Do you know why flight attendants wear uniforms? It is because in A time of crisis, people need to be led. And I think it is very important for us that governments, NATO and the EU explain tirelessly why they are doing what they are doing. At times like these, societies need guidance and communication, just as flight attendants advise passengers in an emergency. Explaining actions and encouraging debates on the future of Europe, publicly. What do we want Europe to look like in 20 years’ time? We humans build the societies and decide quite a lot of what they will become. Our individual ideas and aspirations shape constitutions, laws and parliaments. Therefore, I think organizations should stop talking only at a higher and intellectual level, because citizens also need to understand what is at stake.

What would you recommend to Germany in particular, also in terms of communication?

Germany is the most powerful country in Europe and it is a leading nation in the EU. At a time like this Germany cannot turn inwards, and Germany needs to know what it wants from Europe, now and in the future. And I hope it can encourage all countries to see that we simply cannot accept the Russian aggression. Russia continues to violate rules, agreements and negotiations, which puts Europe’s credibility and future at risk. Therefore, EU countries should be helping each other and defending fundamental values in order to create societies that can live life to the full and give them the opportunity to become what they want to become.

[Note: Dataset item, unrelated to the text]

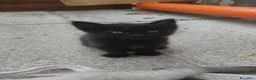 Meticcio gatti in regalo: Gattina nera cerca casa a Provincia dell'Aquila - Annuncio 8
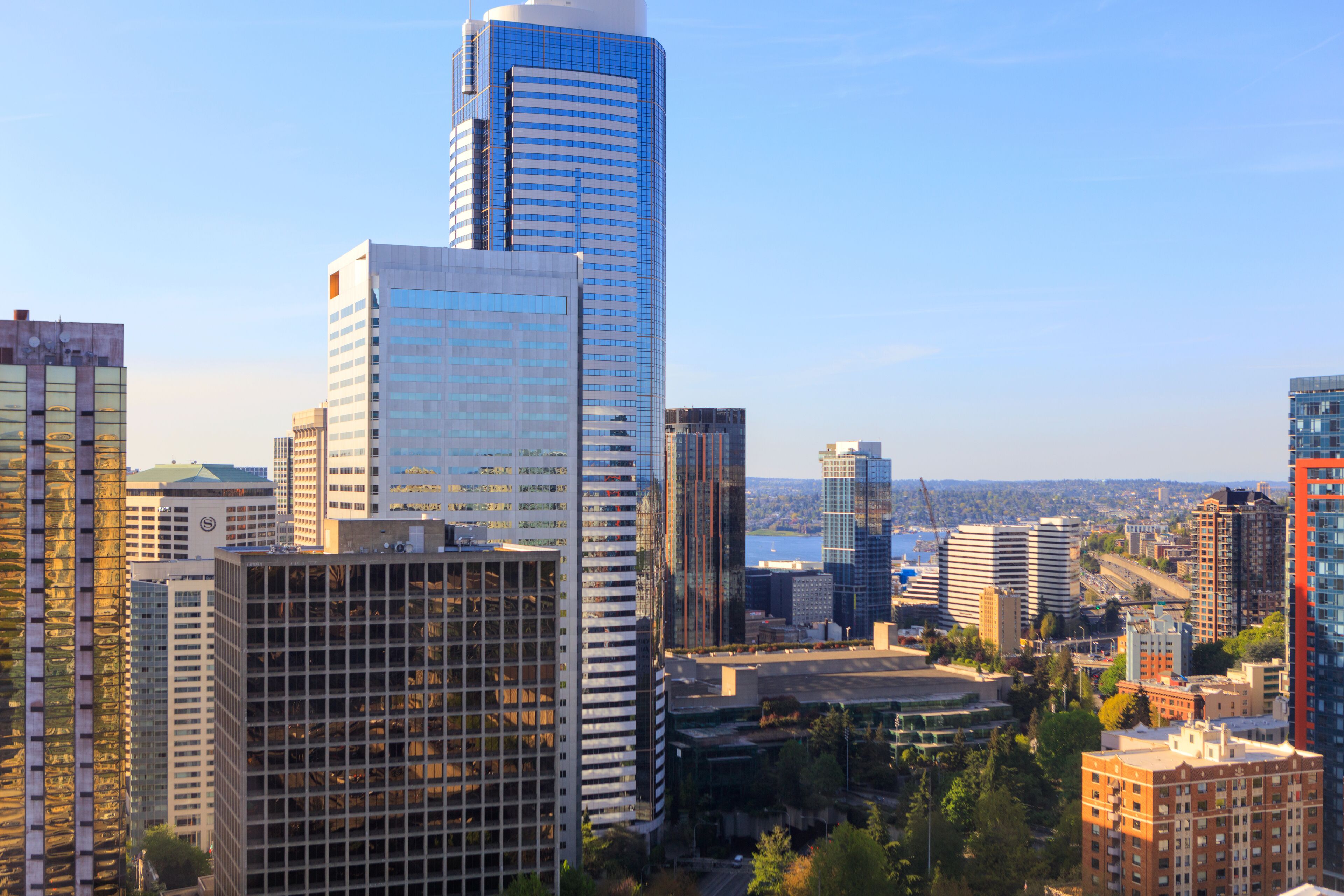 city room, 1 king bed, non smoking, city view | city view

Our democracies are under pressure now by this aggression, and it is up to us to have a clear position on this and give the right answers to Russia so that they understand that we also fight for our values?

Putin thought that the West was too weak to defend itself because it looked to him that our societies were disintegrating from within. Right-wing parties are gaining support all over Europe. And it is understandable that in a time of high anxiety such parties, which talk about strong authorities and strict controls gain popularity. It is part of democracy that this kind of fluctuations can occur. But is this the future that we really want? Our government is put under so much pressure that it is polarizing.

The US Congress for example has for many years been in a situation where compromise is impossible. Questions that actually should be decided by members of Congress, who are elected by the people, go to the courts and are decided by judges. That is not how a democratic system was supposed to work.

We have a slightly different system in Europe with multi-party governments and parliaments. But for these societies to work, there have to be informed citizens. There have to be free and fair elections. There have to be institutions like parliament, government and the judiciary that are impartial and sincere. If these disintegrate and are not able to function, the one who shouts the loudest will lead.